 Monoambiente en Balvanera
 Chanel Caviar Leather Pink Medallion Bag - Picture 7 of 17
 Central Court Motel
==
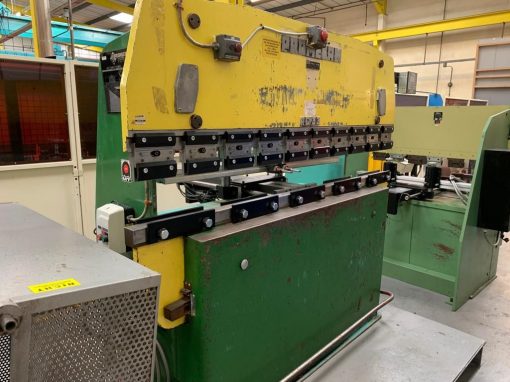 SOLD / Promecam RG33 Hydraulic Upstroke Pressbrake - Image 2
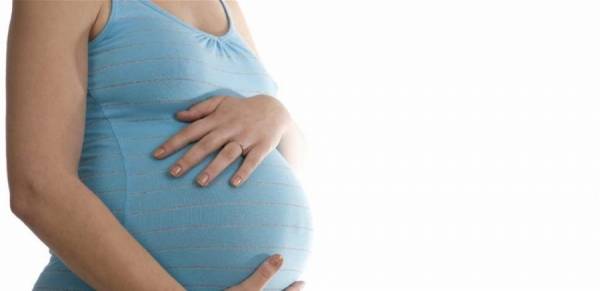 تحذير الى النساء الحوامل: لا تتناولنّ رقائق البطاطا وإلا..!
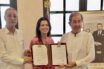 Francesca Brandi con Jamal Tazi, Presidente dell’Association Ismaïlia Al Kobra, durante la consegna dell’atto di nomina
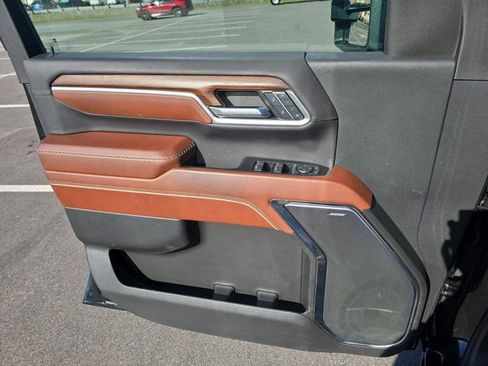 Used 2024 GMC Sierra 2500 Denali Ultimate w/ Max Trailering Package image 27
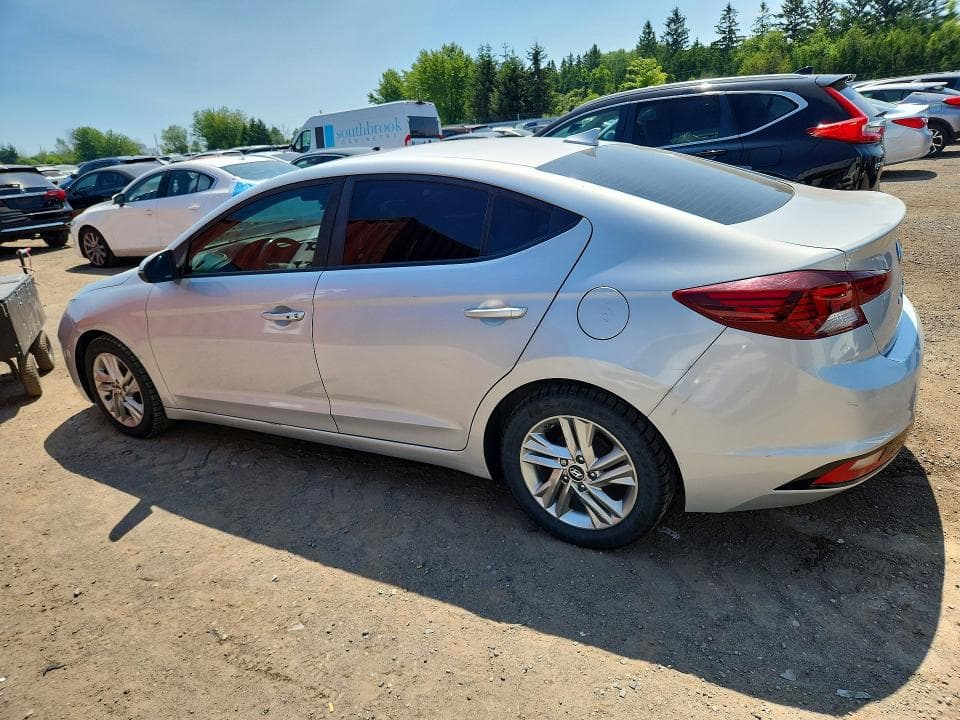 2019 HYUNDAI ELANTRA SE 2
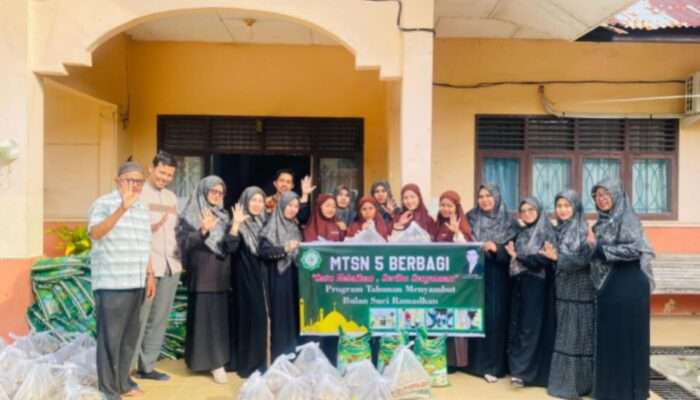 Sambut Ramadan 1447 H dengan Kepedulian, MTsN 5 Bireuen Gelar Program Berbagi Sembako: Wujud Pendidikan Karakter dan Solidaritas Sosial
==
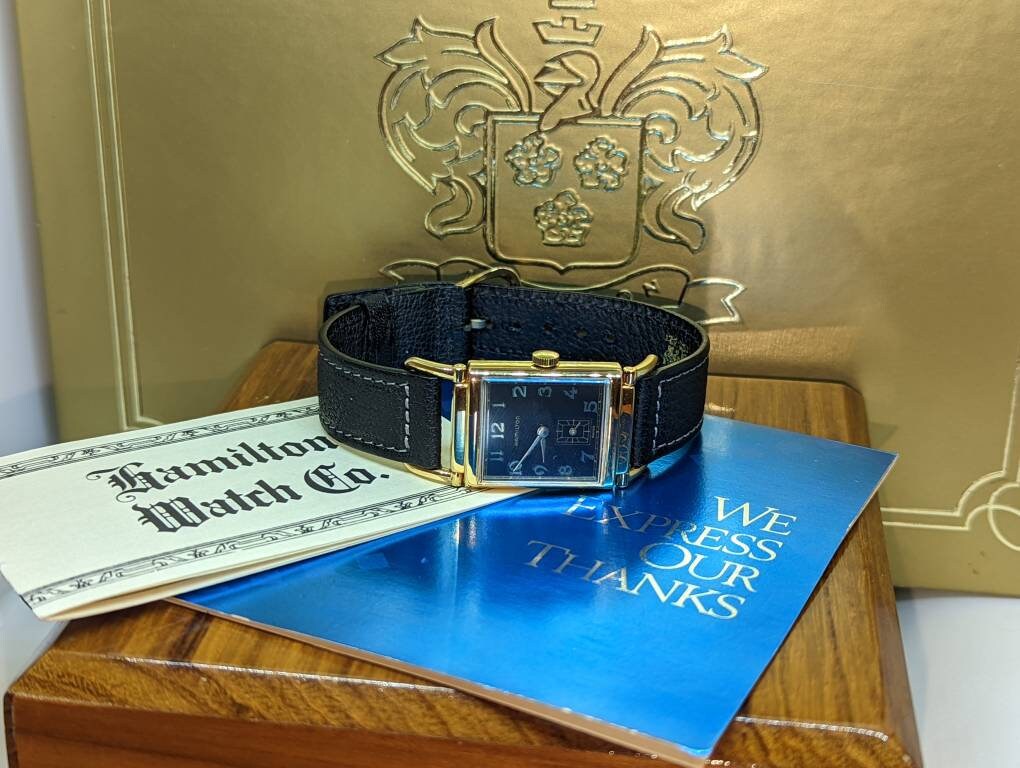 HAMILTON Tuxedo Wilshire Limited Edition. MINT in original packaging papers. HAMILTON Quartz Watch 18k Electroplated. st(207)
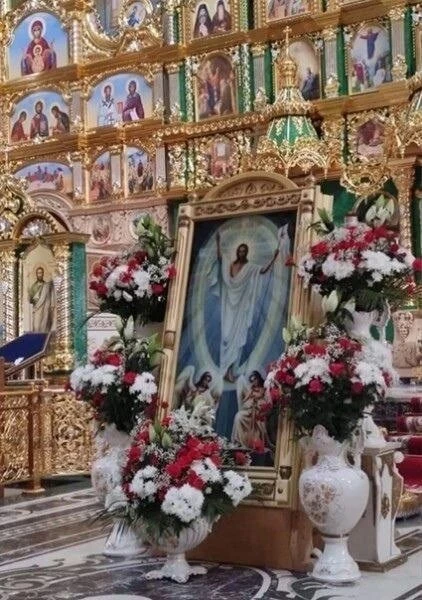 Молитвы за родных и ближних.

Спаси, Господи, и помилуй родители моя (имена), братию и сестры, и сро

• [What this task involves] Look above for the line holding "Monoambiente en Balvanera" and the line holding "Central Court Motel". Retype both, and every line between them, word for word and nothing else.

• [Answer to this problem]
 Monoambiente en Balvanera
 Chanel Caviar Leather Pink Medallion Bag - Picture 7 of 17
 Central Court Motel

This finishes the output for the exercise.